On 1 January 1893, the Masonic Hall Board trustees entered into a Temporary Occupation Licence (‘TOL’) for a piece of land of 6,470 sq. ft., comprising that part at the far end of the existing car park on which the new annexe is built and the strip of land adjacent to the existing postal museum.

It is most likely the land was obtained with the purpose of straightening out the odd shape of existing boundary to gain a bit more space.

The Licence clearly stated that it was for TOL of Reserved Crown Land and it was not under a statutory land grant like the 20,220 sq. ft. of land granted in 1892.

Being TOL land, it was rented at $1 for a period of one year and “under the Crown Ordinance 1886, it does not authorise beyond the period herein specified and is not transferable”. On this basis the TOL was renewable on an annual basis and the land could be taken back by the Government if the TOL was not renewed.

On the other hand, the 1892 land was granted under a statutory land grant with no time limit, except the Government could reacquire the land at anytime under the State Land laws. The only other condition was that: “the land should be used for a masonic lodge, and further that so soon as the said land and buildings thereon shall have ceased for the period of two years to be used for the authorised purposes of mason’s lodges under the authority of the constituted Masonic Authorities of England, the land and any buildings thereon shall ipso facto revert to Her Majesty, Her Heirs and successors without claim of any kind therefor”.

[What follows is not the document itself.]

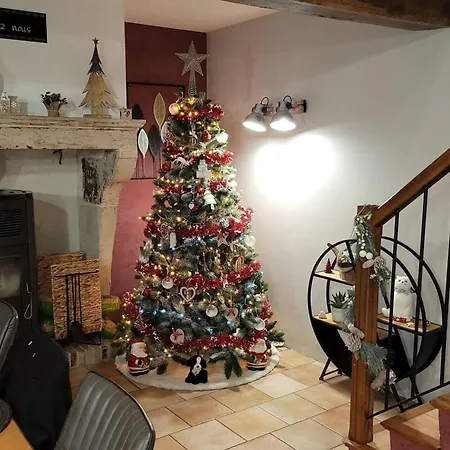 De 5 Avec Piscine Privee Jacuzzi Et Terrasse A Saudoy * Sézanne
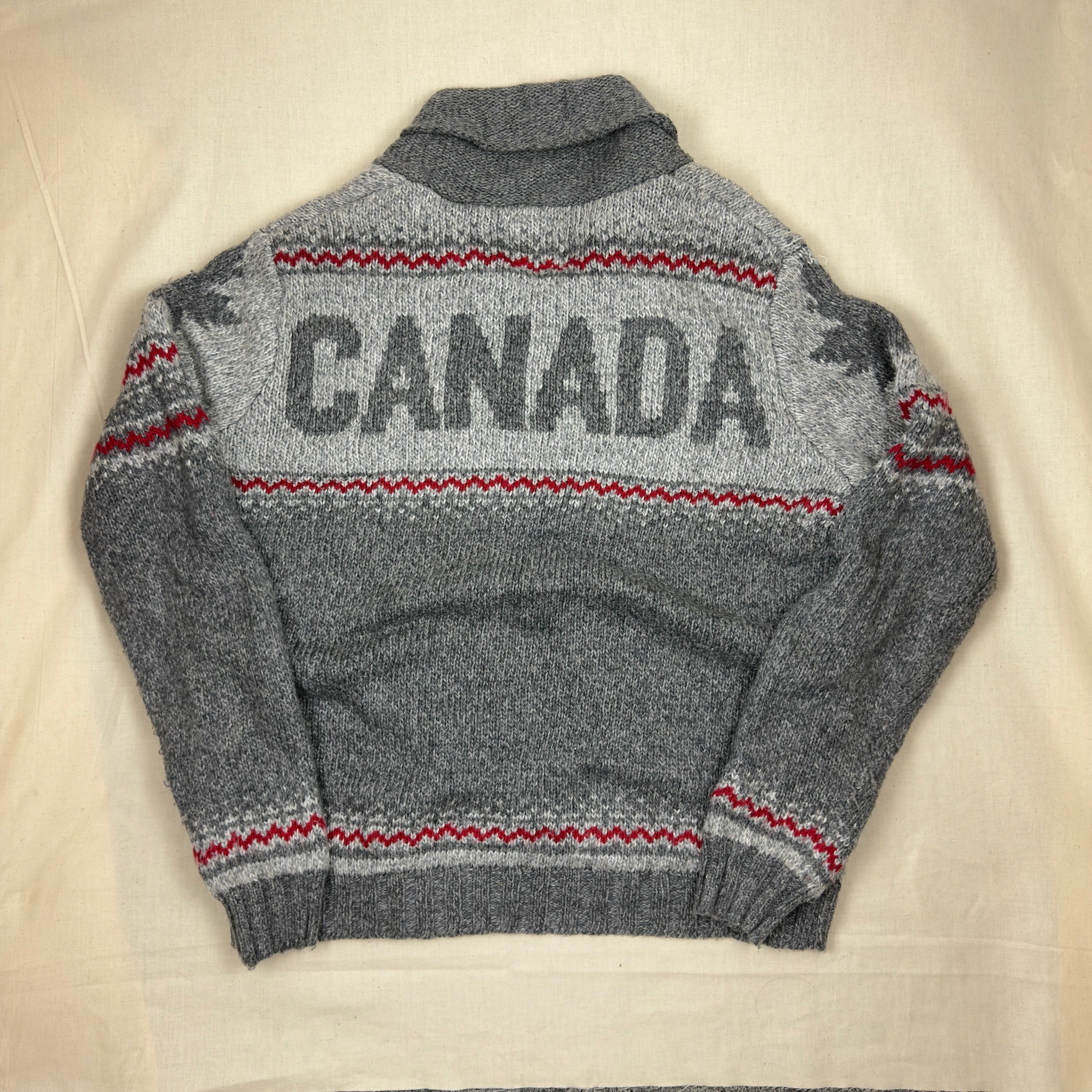 Canadiana - Cowichan Full-Zip Moose Sweater - Gray/Red (Large)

The amalgamated piece of land at 1893, taking the existing Land Grant and that under TOL, amounted to 26,690 sq. ft.

That part under the TOL extended to the existing postal museum, and marked in red on the map to the right, was 6,470 sq. ft. and that under the land grant and marked in blue, was 20,220 sq. ft.

It was on this piece of land held under the TOL that the Land Office advised on 29th January 1906 that the lease would not be renewed.

The District Grand Master of the Eastern Archipelago at that time was Walter Napier.

The land that was taken from the Masonic Hall Board was granted to the Anglo Chinese Mission for use by the Anglo Chinese School.

The founder of the school was Bishop William Oldham, being also at that time the Bishop of the Methodist church in Singapore.

The Anglo- Chinese School and Bishop Oldham

William Fitzjames Oldham arrived in Singapore on 7 February 1885 and became an elder in the Presbyterian church, as there was no Methodist church in Singapore then.

On 22 February 1885, a Methodist church was established in Singapore and Oldham was appointed a pastor. Meetings were held at the town hall and the Christian Institute on the corner of Waterloo Street and Middle Road.

On 1st March 1886 Oldham founded the Anglo-Chinese School in an old shophouse at 70, Amoy Street. He started with 13 students, but that number quickly grew.

Oldham subsequently succeeded in securing a site at Coleman Street for the first Methodist Episcopal Church, which he designed and dedicated on 15 December 1886, coincidentally, also his 32nd birthday. In due time, it became known as the Wesley Methodist Church.

A new school building was erected for ACS in 1892 on a piece of land next to the Methodist Church. Sir Cecil Clementi Smith, Governor of the Straits Settlements, laid the foundation stone. The school was declared open by Chief Justice John Winfield Bonser in 1893. The building was extended in 1895 and a new wing added in 1911.

Unfortunately, the ceaseless work soon took its toll on Oldham , who was advised by his doctors to take a year’s rest, and in 1889 he left Singapore and moved back to the USA, where he became pastor of the Butler Street Church in Pittsburg.

In 1904, Oldham was appointed missionary bishop of Southern Asia, and was officially welcomed back to Singapore as bishop in 1905. Oldham's term as missionary bishop of Southern Asia came to an end in 1912 when he was appointed missionary secretary to the Methodist Board of Foreign Missions in New York. He passed away at the age of 83 in Pasadena, California, on 27 March 1937.